If its anything like my area then u have to run multiple apps just to make anything now


----------



## NOXDriver (Aug 12, 2018)

uberboy1212 said:


> If its anything like my area then u have to run multiple apps just to make anything now


Market specific. I can make $25/hr consistently the past two months.

GH ususally won't send you a new order until you are within a mile of your current destination, then I have had a new offer show up, like clockwork.

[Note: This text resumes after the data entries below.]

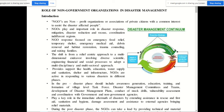The role of non-government organizations (NGOs) in disaster management. NGOs — non-government organizations — are nonprofit organizations, or associations of private citizens with a common interest to assist disaster-affected people. There is no involvement of any public sector. NGOs play an important role in disaster response, mitigation, disaster reduction, and rescue coordination in different regions.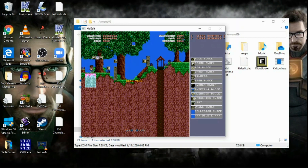When you're finished with your editing, to save the level you just tap S. And to close and X out of it, you just tap Escape.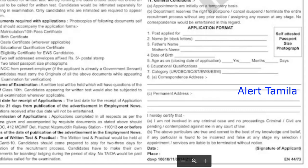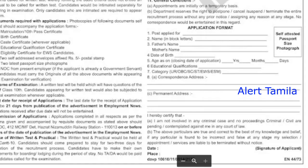You can apply with the required documents. If you apply for these documents, you will see the same information and details at the 10th standard level. Check the information. If you have a new application form, you can check the form OC-412, MC-FC-DET, and the address for Nizamothian Railway Station 1.1013. Check the address in the next section.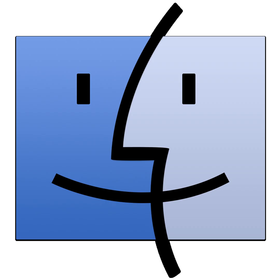Imagine you're a developer and you need to test software on macOS, but you don't want to invest in a Mac. What if I told you that you could run macOS virtually on your machine using Docker? Pretty cool, right? This technology opens up a myriad of possibilities, so let's break it down.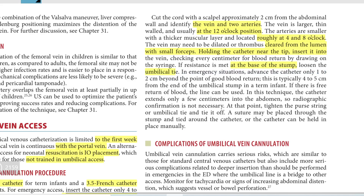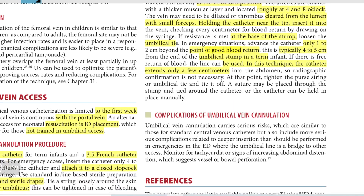In emergency situations, advance the catheter only one to two centimeters beyond the point of good blood return. This is typically four to five centimeters from the end of the umbilical stump in a term infant. If there is free return of blood, the line can be used. In this technique the catheter extends only a few centimeters into the abdomen, so radiographic confirmation is not necessary.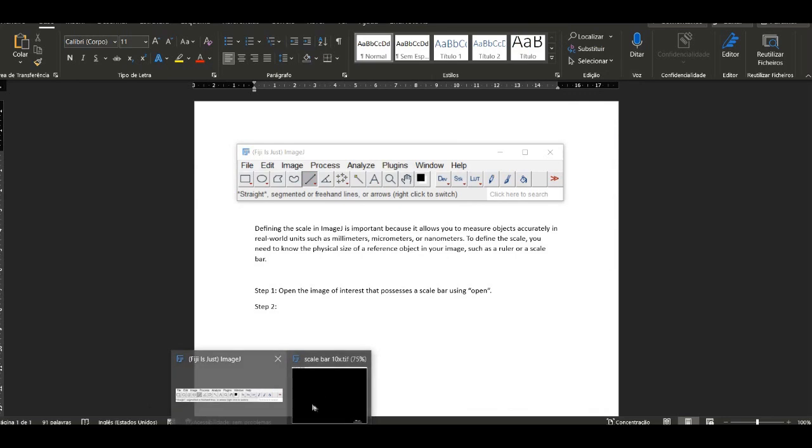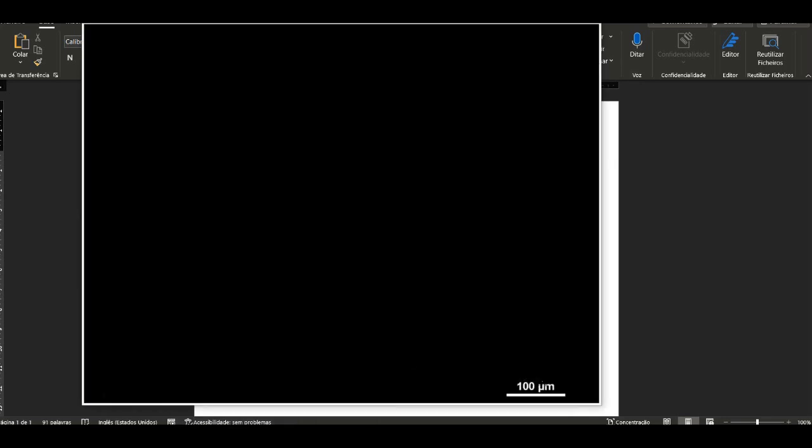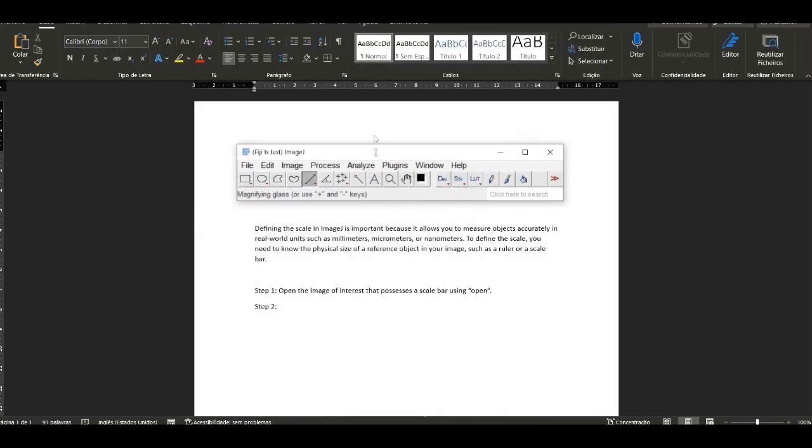Step 3: Go to Measure Set Scale and enter the value of the scale bar and the units, while setting this scale to global if you want to analyze multiple images with the same scale.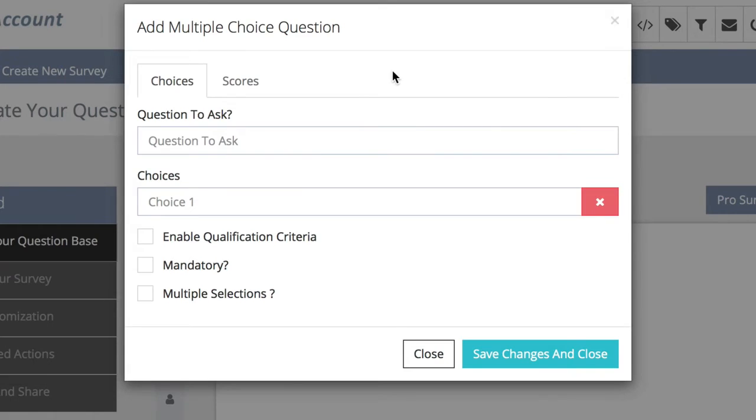This will cause an edit box to pop up where you can fill in all of your information such as the questions you'd like to ask and the choices.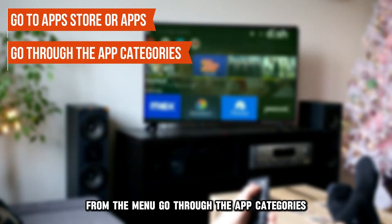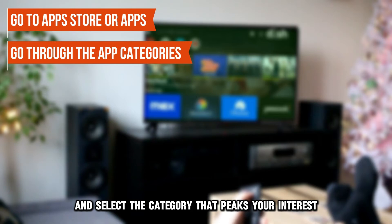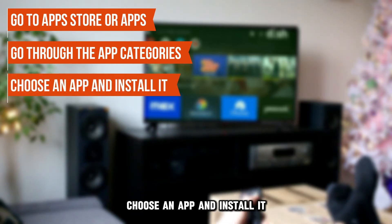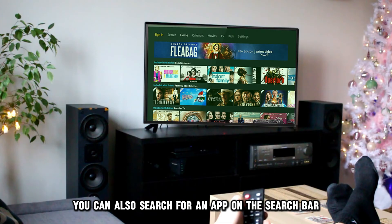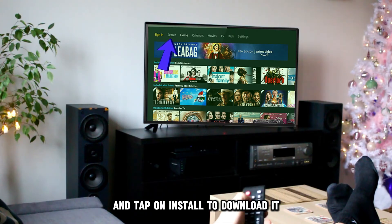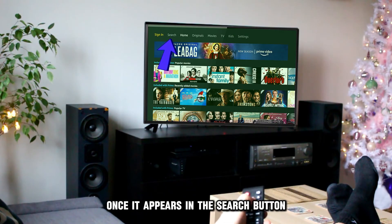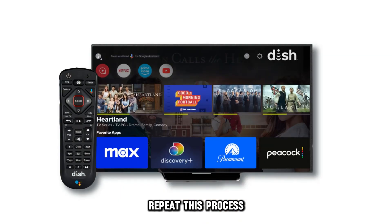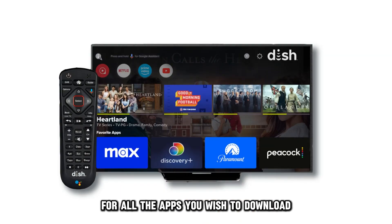Go through the app categories and select the category that piques your interest. Choose an app and install it. You can also search for an app on the search bar and tap on Install to download it once it appears in the search results. Repeat this process for all the apps you wish to download.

When I don't get a new GH offer I go online with Uber and usually can catch a ride within 2-4 miles. With all the drivers at home its been pretty sweet. I'm sure I could do $750 a week if I put in the hours. But thank God I'm an IC and can work whenever I want, or don't want.


----------



## uberboy1212 (Jan 10, 2017)

NOXDriver said:


> Market specific. I can make $25/hr consistently the past two months.
> 
> GH ususally won't send you a new order until you are within a mile of your current destination, then I have had a new offer show up, like clockwork.
> 
> When I don't get a new GH offer I go online with Uber and usually can catch a ride within 2-4 miles. With all the drivers at home its been pretty sweet. I'm sure I could do $750 a week if I put in the hours. But thank God I'm an IC and can work whenever I want, or don't want.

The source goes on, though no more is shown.